Work request.
The material below includes pictures; leave them out and return only the lines between the line containing "VISOOM Beaded Boho" and the line containing "P/M/G, preto Pontas", inclusive, word for word.

Records for this task.
────────────────────────────────────────

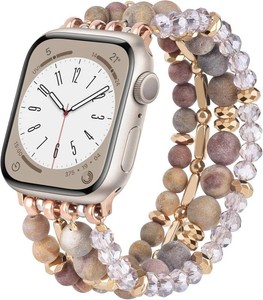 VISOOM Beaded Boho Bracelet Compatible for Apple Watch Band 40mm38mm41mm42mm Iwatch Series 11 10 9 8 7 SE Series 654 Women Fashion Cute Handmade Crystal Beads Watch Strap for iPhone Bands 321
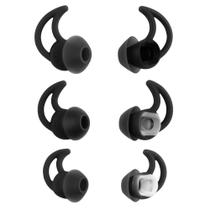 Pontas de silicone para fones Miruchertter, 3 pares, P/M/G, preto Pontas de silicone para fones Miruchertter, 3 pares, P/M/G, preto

────────────────────────────────────────

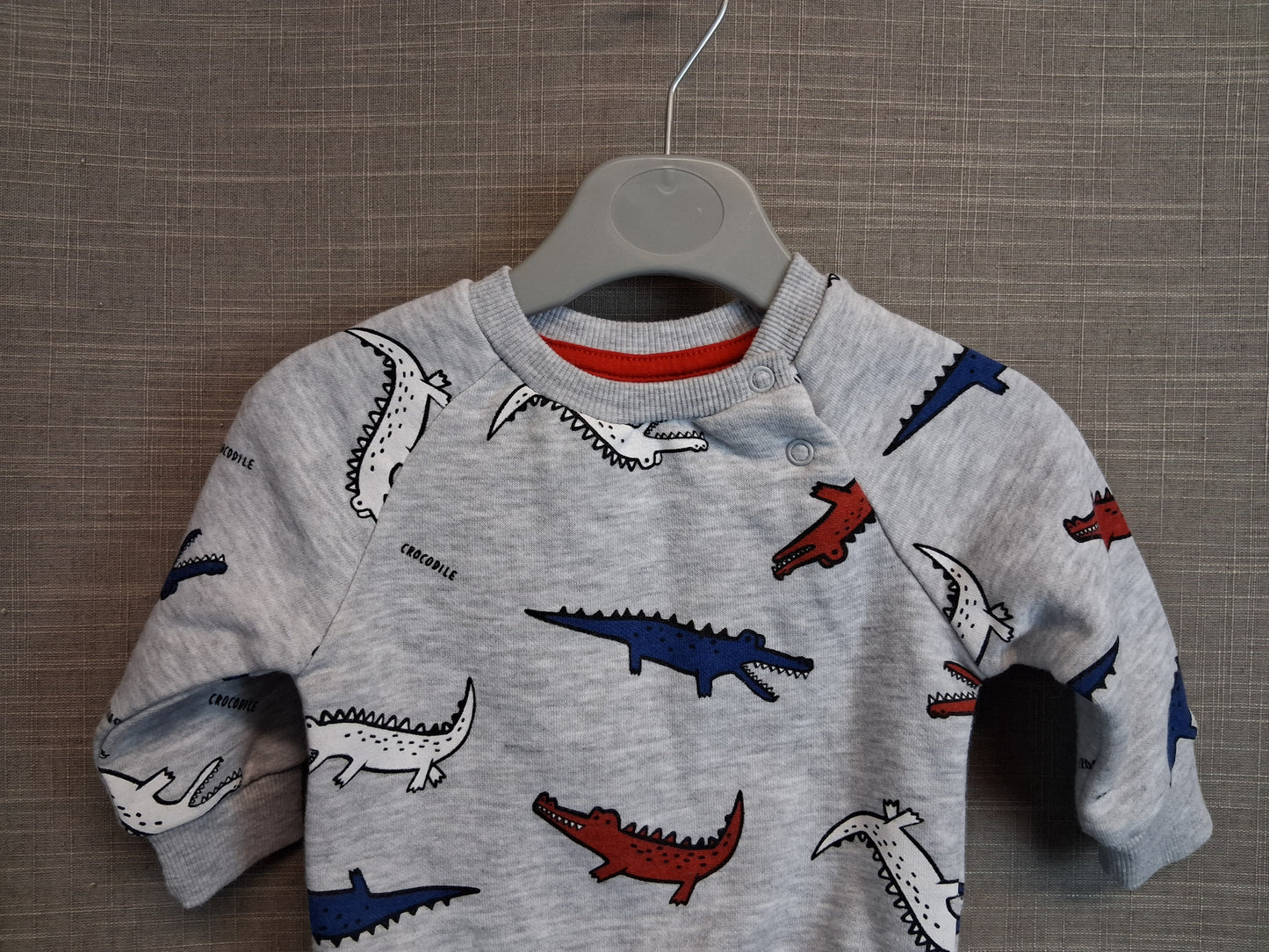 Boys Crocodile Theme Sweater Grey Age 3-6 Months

────────────────────────────────────────

Written solution.
 VISOOM Beaded Boho Bracelet Compatible for Apple Watch Band 40mm38mm41mm42mm Iwatch Series 11 10 9 8 7 SE Series 654 Women Fashion Cute Handmade Crystal Beads Watch Strap for iPhone Bands 321
 Pontas de silicone para fones Miruchertter, 3 pares, P/M/G, preto Pontas de silicone para fones Miruchertter, 3 pares, P/M/G, preto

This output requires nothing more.